◆ Problem details ◆
Exactly the lines from the line that has "ضبط صانعة محتوى" through the final line below are to be retyped, and the pictures are not.

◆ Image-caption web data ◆
------------
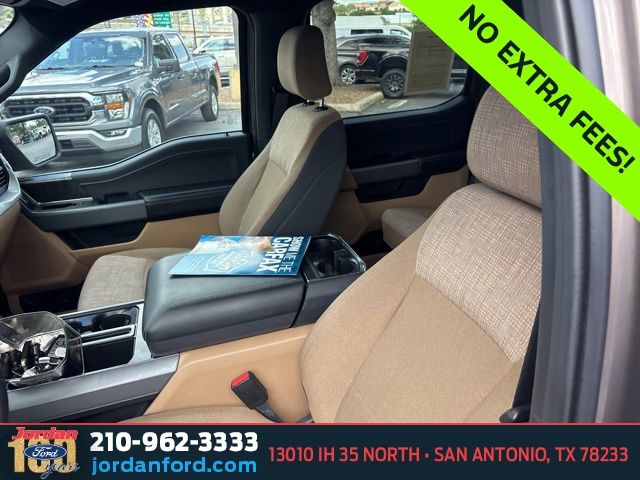 Used Car 2023 Ford F-150  Xlt For Sale Under $40,000 In San Antonio, Texas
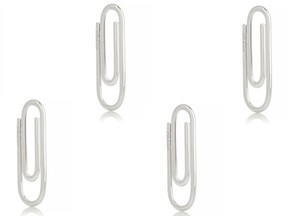 A clip above the rest: Prada's US$185 paper clip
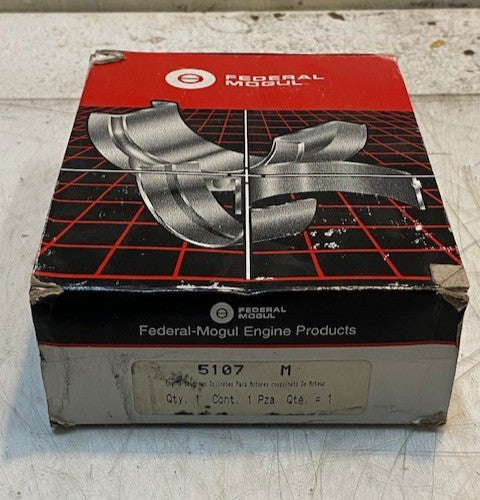Federal Mogul 5107M Main Bearing Set 6 Pieces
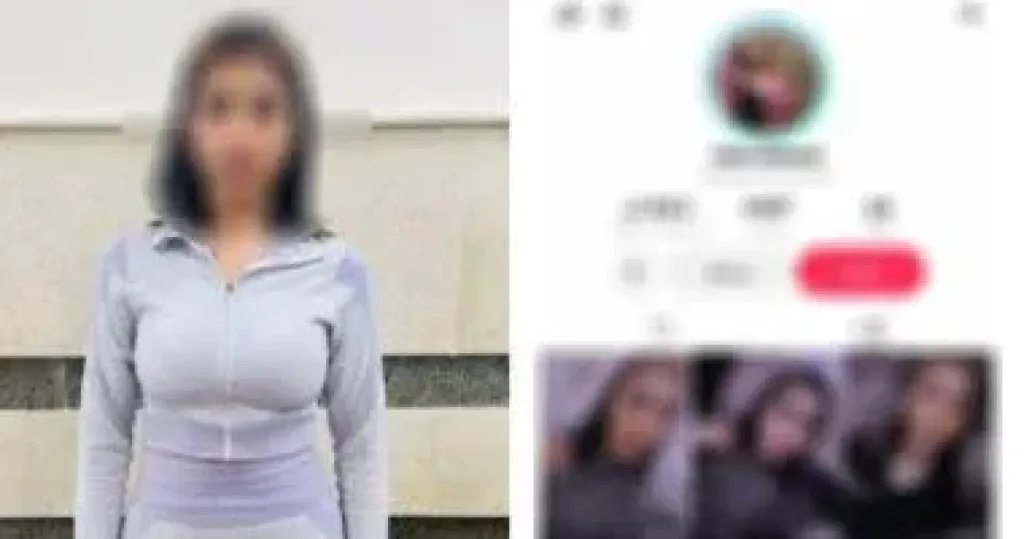 ضبط صانعة محتوى لرقصها بملابس خادشة لزيادة المشاهدات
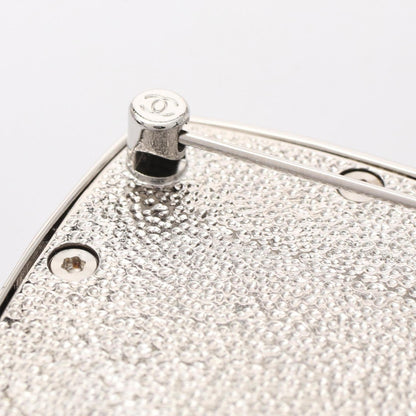Chanel Silver Steel Coco Mark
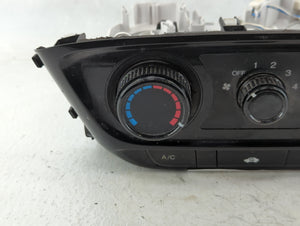 2016-2022 Honda Hr-V Climate Control Module Temperature AC/Heater Replacement P/N:T7W A0 9H29 Fits OEM Used Auto Parts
------------
◆ Expected answer ◆
 ضبط صانعة محتوى لرقصها بملابس خادشة لزيادة المشاهدات
Chanel Silver Steel Coco Mark
 2016-2022 Honda Hr-V Climate Control Module Temperature AC/Heater Replacement P/N:T7W A0 9H29 Fits OEM Used Auto Parts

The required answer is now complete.